#### PROBLEM:
Every entry must be transcribed exactly. Pictures are not part of the copy.
________
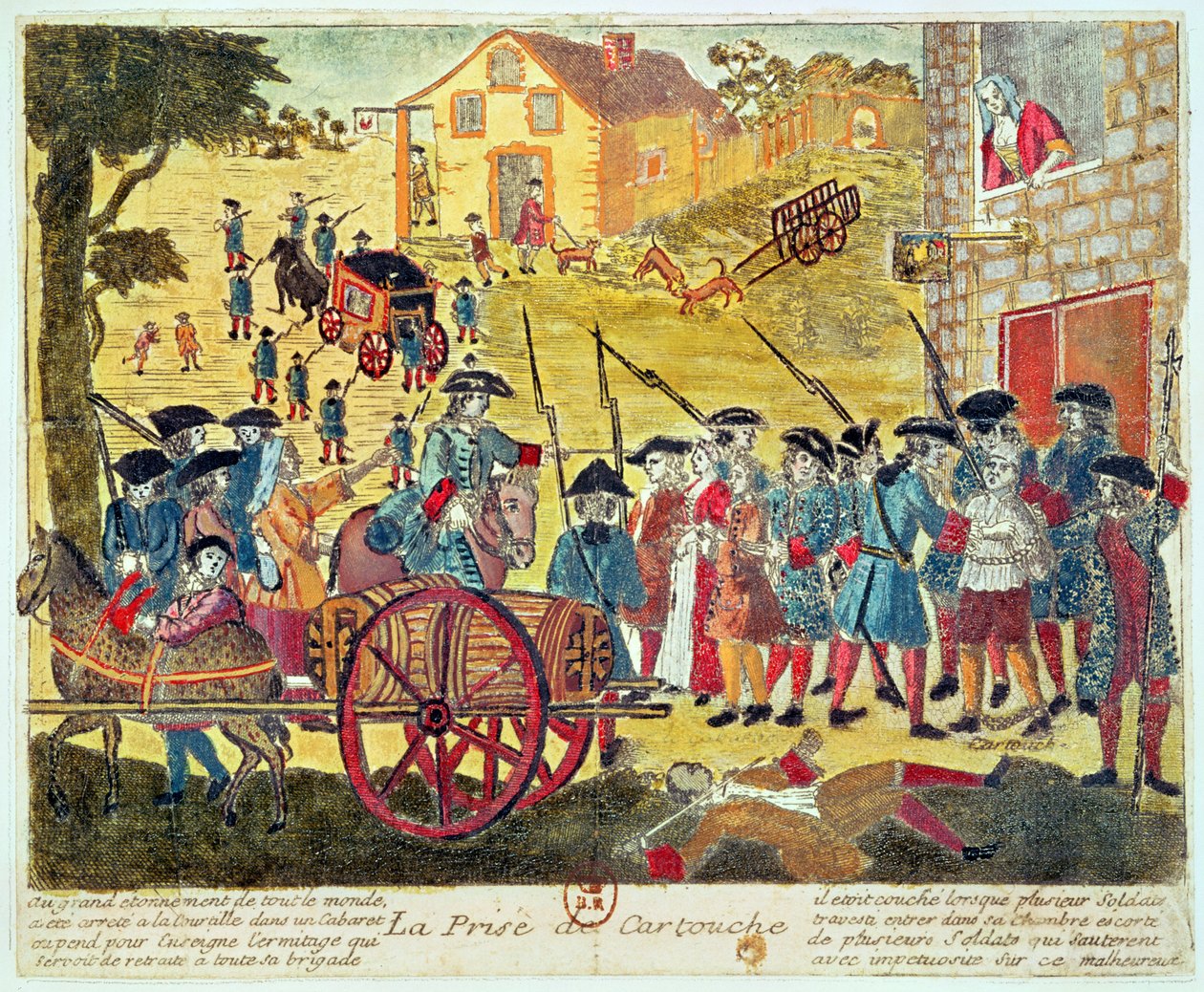 Zatčení Louise Dominika Cartouche (1693-1721) (rytina a čb na papíře) od French School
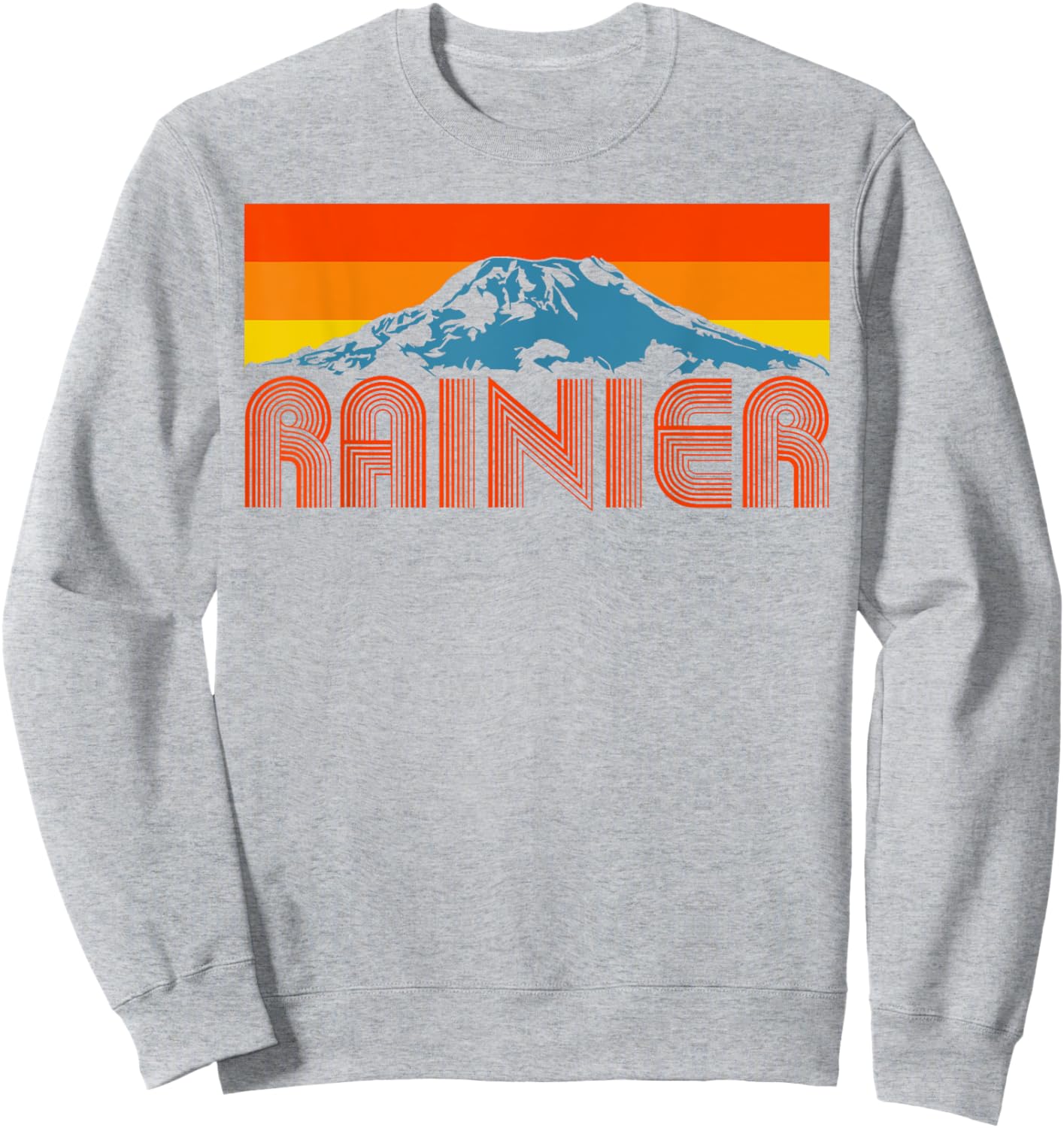 Mount Rainier Vintage Mountains & Sun Retro 80's Sweatshirt - Sweatshirt | Ash
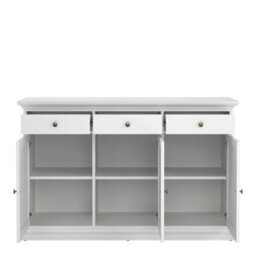 Wyld Haus Osaka Farmhouse White Wooden Sideboard 3 Doors 3 Drawers - thumbnail 8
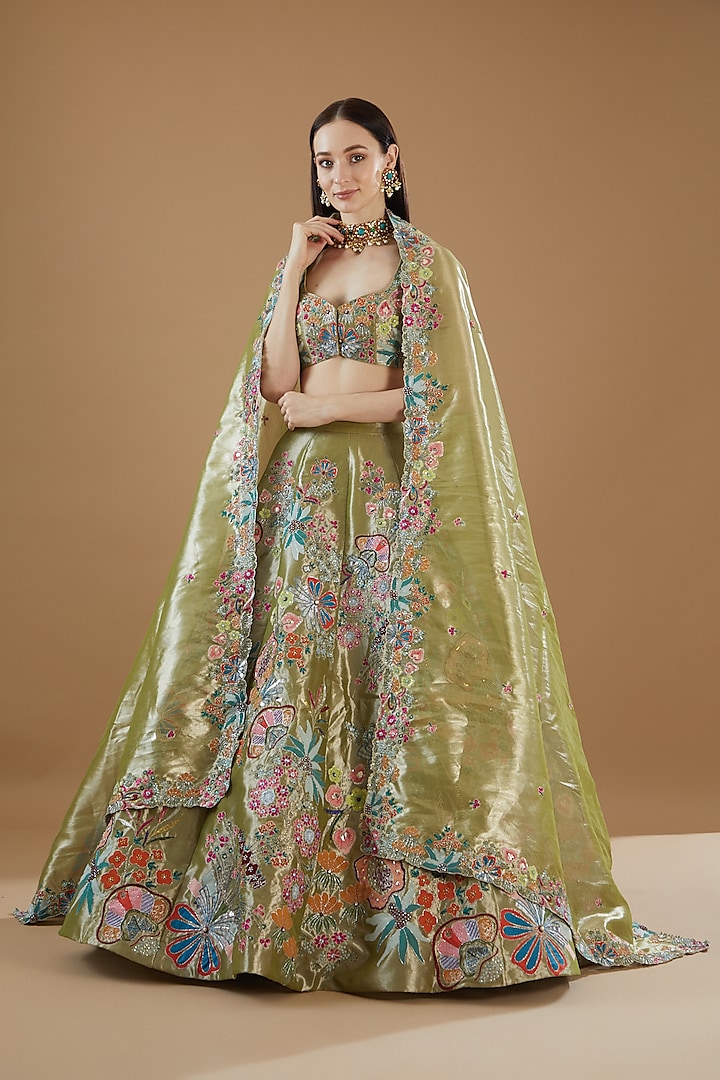 Mehendi Green Tissue Embellished Bridal lehenga for 22 Lehenga Set by Aisha Rao at Pernia's Pop Up Shop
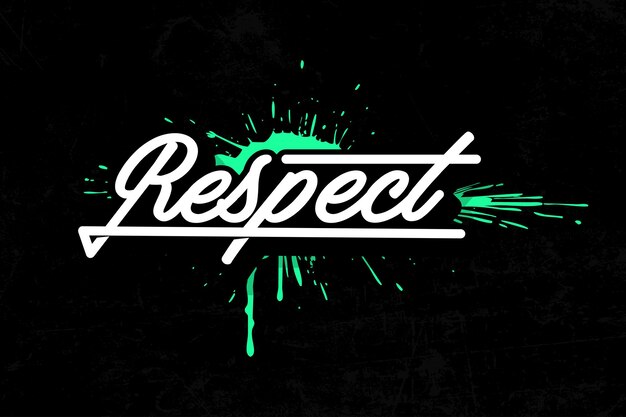 Respete una palabra poderosa en tipografía audaz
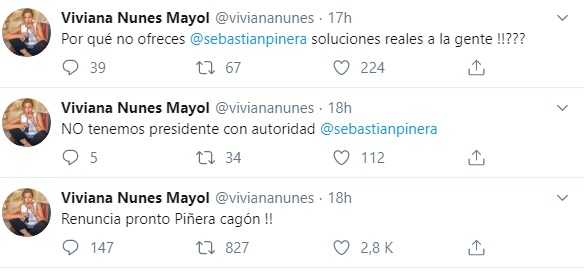 los tuits de viviana nunes increpando al presidente Piñera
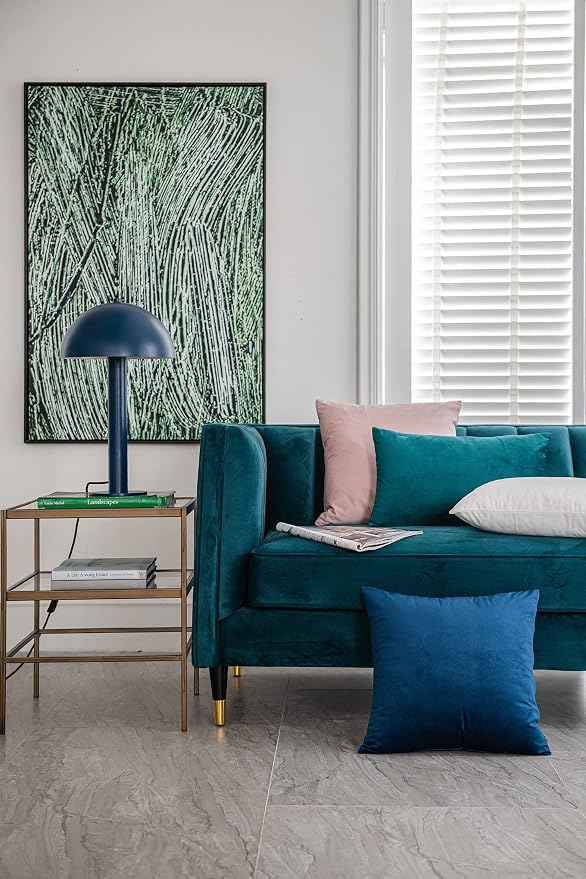 Lumbar Pillow Covers 12x20 Teal: Pack of 2 Cozy Soft Velvet Rectangular Modern Luxury Decorative Throw Pillow Cases for Sofa Couch Living Room Bed Home Decor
________
#### ANSWER TO THIS TASK:
 Zatčení Louise Dominika Cartouche (1693-1721) (rytina a čb na papíře) od French School
 Mount Rainier Vintage Mountains & Sun Retro 80's Sweatshirt - Sweatshirt | Ash
 Wyld Haus Osaka Farmhouse White Wooden Sideboard 3 Doors 3 Drawers - thumbnail 8
 Mehendi Green Tissue Embellished Bridal lehenga for 22 Lehenga Set by Aisha Rao at Pernia's Pop Up Shop
 Respete una palabra poderosa en tipografía audaz
 los tuits de viviana nunes increpando al presidente Piñera
 Lumbar Pillow Covers 12x20 Teal: Pack of 2 Cozy Soft Velvet Rectangular Modern Luxury Decorative Throw Pillow Cases for Sofa Couch Living Room Bed Home Decor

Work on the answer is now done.